[The input]

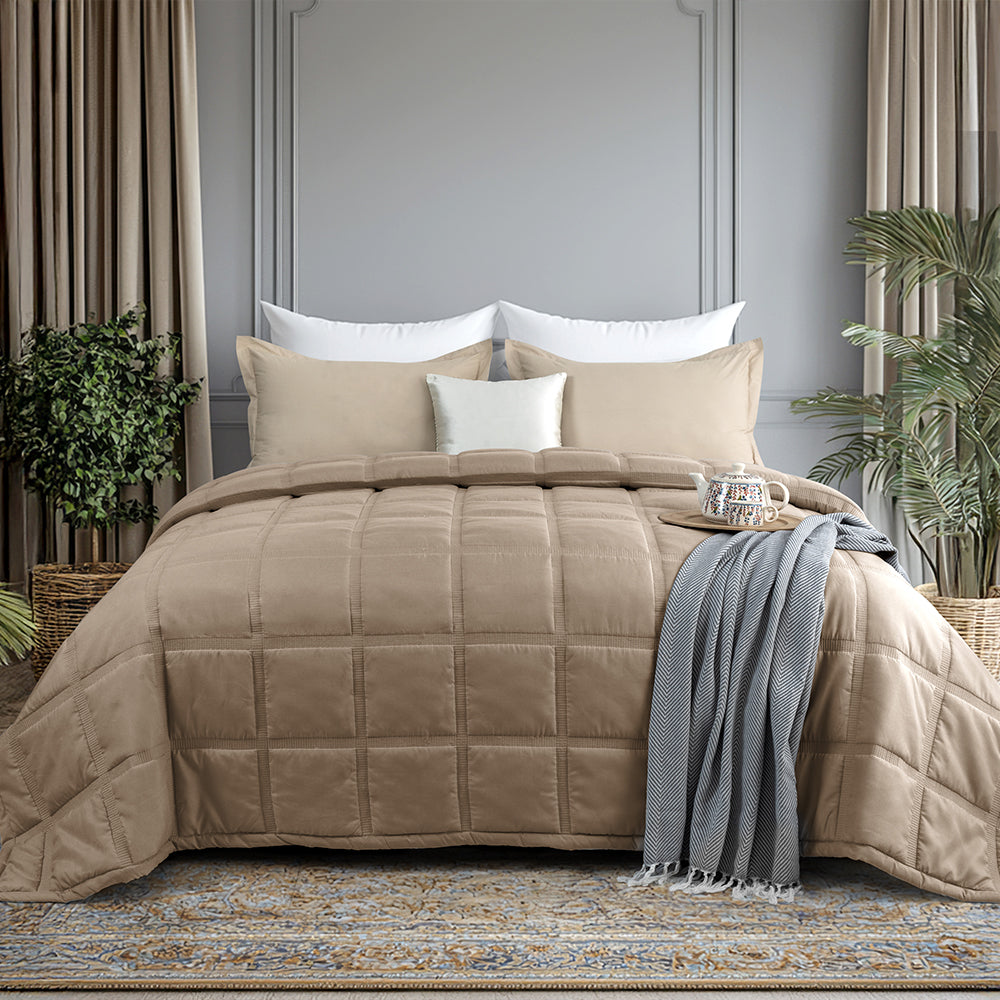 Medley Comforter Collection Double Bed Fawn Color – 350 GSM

[/The input]
[The input]

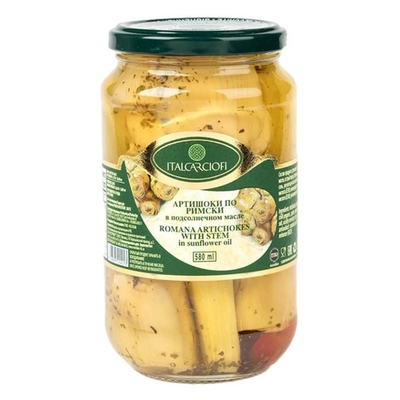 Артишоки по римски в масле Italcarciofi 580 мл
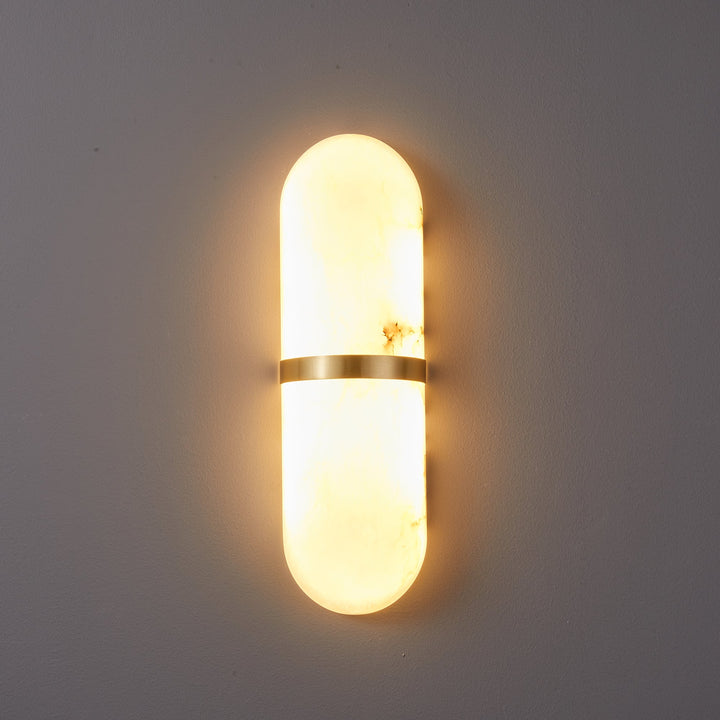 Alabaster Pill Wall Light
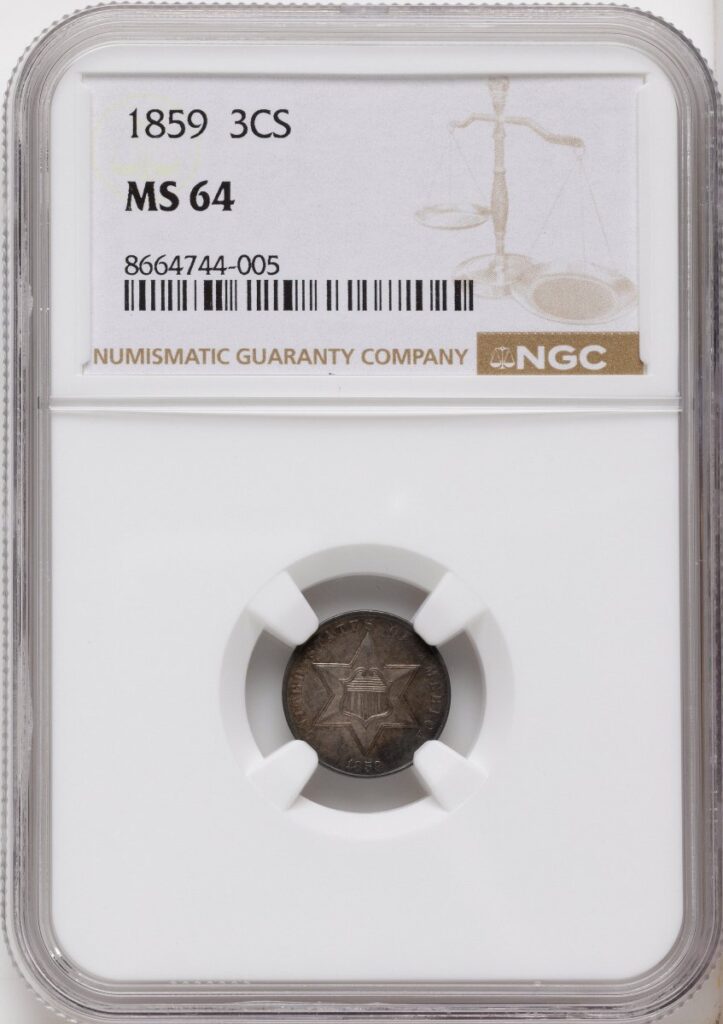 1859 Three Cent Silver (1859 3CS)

[/The input]
[The input]

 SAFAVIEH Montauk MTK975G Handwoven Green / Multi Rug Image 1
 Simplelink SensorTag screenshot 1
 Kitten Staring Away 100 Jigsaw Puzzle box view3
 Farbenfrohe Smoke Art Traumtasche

[/The input]

Exercise description —
Look above for the line with "Артишоки по римски" and the line with "1859 Three Cent Silver (1859 3CS)". Give again exactly those two lines and all lines between them, pictures excluded.

Output for this task —
 Артишоки по римски в масле Italcarciofi 580 мл
 Alabaster Pill Wall Light
 1859 Three Cent Silver (1859 3CS)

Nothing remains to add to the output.